Every line in the listing below from the one with "Star Wars B2" through the one with "JUE FISH Laundry" is to be reproduced exactly, both ends included; leave out the rest.
DATASET EXCERPTS START
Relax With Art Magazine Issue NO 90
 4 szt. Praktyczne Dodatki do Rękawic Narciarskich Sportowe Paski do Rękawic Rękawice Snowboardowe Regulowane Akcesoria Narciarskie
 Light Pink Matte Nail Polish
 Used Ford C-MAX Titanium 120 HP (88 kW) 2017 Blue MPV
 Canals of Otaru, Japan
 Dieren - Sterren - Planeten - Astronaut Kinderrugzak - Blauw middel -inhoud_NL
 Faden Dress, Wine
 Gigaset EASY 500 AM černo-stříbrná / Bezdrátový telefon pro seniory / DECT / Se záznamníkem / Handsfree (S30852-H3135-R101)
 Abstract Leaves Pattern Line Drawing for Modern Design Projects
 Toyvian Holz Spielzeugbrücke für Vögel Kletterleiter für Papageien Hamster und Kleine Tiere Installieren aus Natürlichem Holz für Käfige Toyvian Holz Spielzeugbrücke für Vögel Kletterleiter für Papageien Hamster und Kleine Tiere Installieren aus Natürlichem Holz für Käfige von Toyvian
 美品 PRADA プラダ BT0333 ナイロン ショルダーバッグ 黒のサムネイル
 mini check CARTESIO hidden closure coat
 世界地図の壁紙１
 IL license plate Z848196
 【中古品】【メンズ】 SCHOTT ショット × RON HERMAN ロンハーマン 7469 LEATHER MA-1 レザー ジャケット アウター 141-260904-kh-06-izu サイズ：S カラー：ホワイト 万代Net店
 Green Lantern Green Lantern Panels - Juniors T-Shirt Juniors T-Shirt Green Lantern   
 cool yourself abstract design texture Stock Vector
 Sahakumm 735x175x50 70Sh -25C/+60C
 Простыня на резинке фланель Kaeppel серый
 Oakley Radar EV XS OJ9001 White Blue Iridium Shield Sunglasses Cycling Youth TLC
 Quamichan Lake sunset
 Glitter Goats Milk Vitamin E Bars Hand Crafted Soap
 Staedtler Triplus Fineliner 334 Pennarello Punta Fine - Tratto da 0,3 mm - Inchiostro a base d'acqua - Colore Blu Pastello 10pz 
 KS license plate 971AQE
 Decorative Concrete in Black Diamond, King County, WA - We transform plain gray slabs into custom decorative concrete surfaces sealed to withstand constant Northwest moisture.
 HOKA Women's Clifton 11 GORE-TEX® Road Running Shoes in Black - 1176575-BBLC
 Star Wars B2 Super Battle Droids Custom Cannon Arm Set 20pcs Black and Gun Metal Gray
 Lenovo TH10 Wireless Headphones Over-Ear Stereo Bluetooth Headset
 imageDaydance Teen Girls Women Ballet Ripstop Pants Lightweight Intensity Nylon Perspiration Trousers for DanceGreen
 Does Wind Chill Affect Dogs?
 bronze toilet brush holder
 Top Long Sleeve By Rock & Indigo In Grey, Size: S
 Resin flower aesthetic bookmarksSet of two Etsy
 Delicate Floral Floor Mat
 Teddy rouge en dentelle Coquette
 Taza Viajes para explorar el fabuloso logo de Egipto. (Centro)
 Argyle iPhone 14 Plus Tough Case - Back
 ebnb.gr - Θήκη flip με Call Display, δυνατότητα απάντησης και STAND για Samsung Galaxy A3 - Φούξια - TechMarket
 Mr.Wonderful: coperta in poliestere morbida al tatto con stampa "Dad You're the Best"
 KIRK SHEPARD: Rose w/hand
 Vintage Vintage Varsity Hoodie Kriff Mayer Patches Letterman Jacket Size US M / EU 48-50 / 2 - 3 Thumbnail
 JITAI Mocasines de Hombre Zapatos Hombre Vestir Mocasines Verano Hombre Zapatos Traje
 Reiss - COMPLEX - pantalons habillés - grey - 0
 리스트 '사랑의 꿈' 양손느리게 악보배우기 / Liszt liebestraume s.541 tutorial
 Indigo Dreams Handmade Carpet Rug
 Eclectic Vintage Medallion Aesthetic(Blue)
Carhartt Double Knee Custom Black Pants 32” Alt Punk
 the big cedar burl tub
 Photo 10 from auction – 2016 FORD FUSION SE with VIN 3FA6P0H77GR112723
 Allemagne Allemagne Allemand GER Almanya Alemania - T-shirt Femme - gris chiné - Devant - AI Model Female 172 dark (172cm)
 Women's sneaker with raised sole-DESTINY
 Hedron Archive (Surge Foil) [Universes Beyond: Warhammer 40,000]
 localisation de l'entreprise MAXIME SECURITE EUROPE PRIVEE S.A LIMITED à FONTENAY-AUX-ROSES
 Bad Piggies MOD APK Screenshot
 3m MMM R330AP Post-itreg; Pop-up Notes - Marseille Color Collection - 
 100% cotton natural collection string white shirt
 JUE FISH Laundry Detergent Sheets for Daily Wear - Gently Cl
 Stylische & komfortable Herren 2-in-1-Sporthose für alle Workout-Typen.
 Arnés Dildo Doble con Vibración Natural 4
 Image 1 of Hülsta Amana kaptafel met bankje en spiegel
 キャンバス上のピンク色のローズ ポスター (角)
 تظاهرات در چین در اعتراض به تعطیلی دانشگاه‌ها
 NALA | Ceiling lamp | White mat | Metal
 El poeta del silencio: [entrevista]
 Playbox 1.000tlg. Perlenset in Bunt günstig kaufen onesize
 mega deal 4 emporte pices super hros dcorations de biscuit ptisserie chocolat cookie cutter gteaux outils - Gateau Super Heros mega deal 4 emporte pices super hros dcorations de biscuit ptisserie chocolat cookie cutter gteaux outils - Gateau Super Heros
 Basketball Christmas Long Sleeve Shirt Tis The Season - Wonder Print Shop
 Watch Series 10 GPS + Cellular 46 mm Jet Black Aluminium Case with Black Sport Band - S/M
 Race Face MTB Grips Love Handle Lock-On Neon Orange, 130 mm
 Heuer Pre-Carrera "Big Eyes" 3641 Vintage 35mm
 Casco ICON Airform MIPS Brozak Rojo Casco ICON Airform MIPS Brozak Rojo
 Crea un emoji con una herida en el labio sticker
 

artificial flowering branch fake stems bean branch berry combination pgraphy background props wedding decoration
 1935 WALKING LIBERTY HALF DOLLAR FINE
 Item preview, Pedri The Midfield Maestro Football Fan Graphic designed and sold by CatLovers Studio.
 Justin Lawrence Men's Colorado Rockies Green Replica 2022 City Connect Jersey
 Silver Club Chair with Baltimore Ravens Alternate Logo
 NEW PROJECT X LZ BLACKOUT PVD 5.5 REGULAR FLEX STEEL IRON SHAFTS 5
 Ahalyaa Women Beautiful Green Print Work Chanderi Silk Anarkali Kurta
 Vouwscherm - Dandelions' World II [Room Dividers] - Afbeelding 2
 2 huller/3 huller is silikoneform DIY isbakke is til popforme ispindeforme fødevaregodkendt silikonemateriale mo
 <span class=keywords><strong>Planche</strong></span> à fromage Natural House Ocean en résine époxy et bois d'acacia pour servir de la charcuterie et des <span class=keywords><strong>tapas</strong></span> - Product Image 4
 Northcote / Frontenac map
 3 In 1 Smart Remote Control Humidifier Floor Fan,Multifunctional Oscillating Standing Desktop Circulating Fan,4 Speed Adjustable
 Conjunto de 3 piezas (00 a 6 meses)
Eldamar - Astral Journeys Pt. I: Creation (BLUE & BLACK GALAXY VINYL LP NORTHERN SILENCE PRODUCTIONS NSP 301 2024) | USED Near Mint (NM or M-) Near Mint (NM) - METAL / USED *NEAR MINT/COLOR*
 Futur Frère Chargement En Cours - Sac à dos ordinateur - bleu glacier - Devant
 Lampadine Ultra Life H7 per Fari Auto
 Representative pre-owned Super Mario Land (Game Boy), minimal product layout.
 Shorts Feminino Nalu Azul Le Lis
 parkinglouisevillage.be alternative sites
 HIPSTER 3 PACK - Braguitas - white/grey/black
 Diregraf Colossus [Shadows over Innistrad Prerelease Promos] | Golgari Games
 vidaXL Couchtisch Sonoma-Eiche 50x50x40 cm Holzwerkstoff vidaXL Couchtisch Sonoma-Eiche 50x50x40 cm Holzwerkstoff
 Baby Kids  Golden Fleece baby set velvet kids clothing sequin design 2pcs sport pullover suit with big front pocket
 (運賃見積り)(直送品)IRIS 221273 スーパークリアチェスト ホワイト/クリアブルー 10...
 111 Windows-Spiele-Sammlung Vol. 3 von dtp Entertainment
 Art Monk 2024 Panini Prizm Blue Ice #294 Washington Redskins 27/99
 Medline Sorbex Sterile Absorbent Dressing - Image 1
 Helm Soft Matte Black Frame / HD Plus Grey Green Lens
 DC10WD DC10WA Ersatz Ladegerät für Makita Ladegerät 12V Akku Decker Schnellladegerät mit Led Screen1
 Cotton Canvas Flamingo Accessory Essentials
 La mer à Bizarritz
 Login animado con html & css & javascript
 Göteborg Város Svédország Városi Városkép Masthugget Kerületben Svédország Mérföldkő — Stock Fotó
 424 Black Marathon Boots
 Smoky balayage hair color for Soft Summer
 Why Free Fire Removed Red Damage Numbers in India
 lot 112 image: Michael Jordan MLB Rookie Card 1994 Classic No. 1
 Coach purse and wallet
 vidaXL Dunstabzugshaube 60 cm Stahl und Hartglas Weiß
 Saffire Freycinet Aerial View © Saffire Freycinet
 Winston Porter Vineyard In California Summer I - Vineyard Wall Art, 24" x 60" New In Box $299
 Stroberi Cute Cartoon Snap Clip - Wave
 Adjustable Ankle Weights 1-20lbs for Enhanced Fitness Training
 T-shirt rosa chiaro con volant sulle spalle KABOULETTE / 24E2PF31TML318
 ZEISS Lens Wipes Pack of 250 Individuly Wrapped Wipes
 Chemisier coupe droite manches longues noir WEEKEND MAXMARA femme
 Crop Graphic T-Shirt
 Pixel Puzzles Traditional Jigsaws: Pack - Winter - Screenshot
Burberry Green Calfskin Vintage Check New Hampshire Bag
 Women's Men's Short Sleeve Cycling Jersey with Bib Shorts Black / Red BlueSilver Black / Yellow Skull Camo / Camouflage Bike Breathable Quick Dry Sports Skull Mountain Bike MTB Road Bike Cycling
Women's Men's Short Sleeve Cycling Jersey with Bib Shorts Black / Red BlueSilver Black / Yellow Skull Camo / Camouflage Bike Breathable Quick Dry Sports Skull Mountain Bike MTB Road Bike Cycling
DATASET EXCERPTS END
RESPONSE TO THIS TASK:
 Star Wars B2 Super Battle Droids Custom Cannon Arm Set 20pcs Black and Gun Metal Gray
 Lenovo TH10 Wireless Headphones Over-Ear Stereo Bluetooth Headset
 imageDaydance Teen Girls Women Ballet Ripstop Pants Lightweight Intensity Nylon Perspiration Trousers for DanceGreen
 Does Wind Chill Affect Dogs?
 bronze toilet brush holder
 Top Long Sleeve By Rock & Indigo In Grey, Size: S
 Resin flower aesthetic bookmarksSet of two Etsy
 Delicate Floral Floor Mat
 Teddy rouge en dentelle Coquette
 Taza Viajes para explorar el fabuloso logo de Egipto. (Centro)
 Argyle iPhone 14 Plus Tough Case - Back
 ebnb.gr - Θήκη flip με Call Display, δυνατότητα απάντησης και STAND για Samsung Galaxy A3 - Φούξια - TechMarket
 Mr.Wonderful: coperta in poliestere morbida al tatto con stampa "Dad You're the Best"
 KIRK SHEPARD: Rose w/hand
 Vintage Vintage Varsity Hoodie Kriff Mayer Patches Letterman Jacket Size US M / EU 48-50 / 2 - 3 Thumbnail
 JITAI Mocasines de Hombre Zapatos Hombre Vestir Mocasines Verano Hombre Zapatos Traje
 Reiss - COMPLEX - pantalons habillés - grey - 0
 리스트 '사랑의 꿈' 양손느리게 악보배우기 / Liszt liebestraume s.541 tutorial
 Indigo Dreams Handmade Carpet Rug
 Eclectic Vintage Medallion Aesthetic(Blue)
Carhartt Double Knee Custom Black Pants 32” Alt Punk
 the big cedar burl tub
 Photo 10 from auction – 2016 FORD FUSION SE with VIN 3FA6P0H77GR112723
 Allemagne Allemagne Allemand GER Almanya Alemania - T-shirt Femme - gris chiné - Devant - AI Model Female 172 dark (172cm)
 Women's sneaker with raised sole-DESTINY
 Hedron Archive (Surge Foil) [Universes Beyond: Warhammer 40,000]
 localisation de l'entreprise MAXIME SECURITE EUROPE PRIVEE S.A LIMITED à FONTENAY-AUX-ROSES
 Bad Piggies MOD APK Screenshot
 3m MMM R330AP Post-itreg; Pop-up Notes - Marseille Color Collection - 
 100% cotton natural collection string white shirt
 JUE FISH Laundry Detergent Sheets for Daily Wear - Gently Cl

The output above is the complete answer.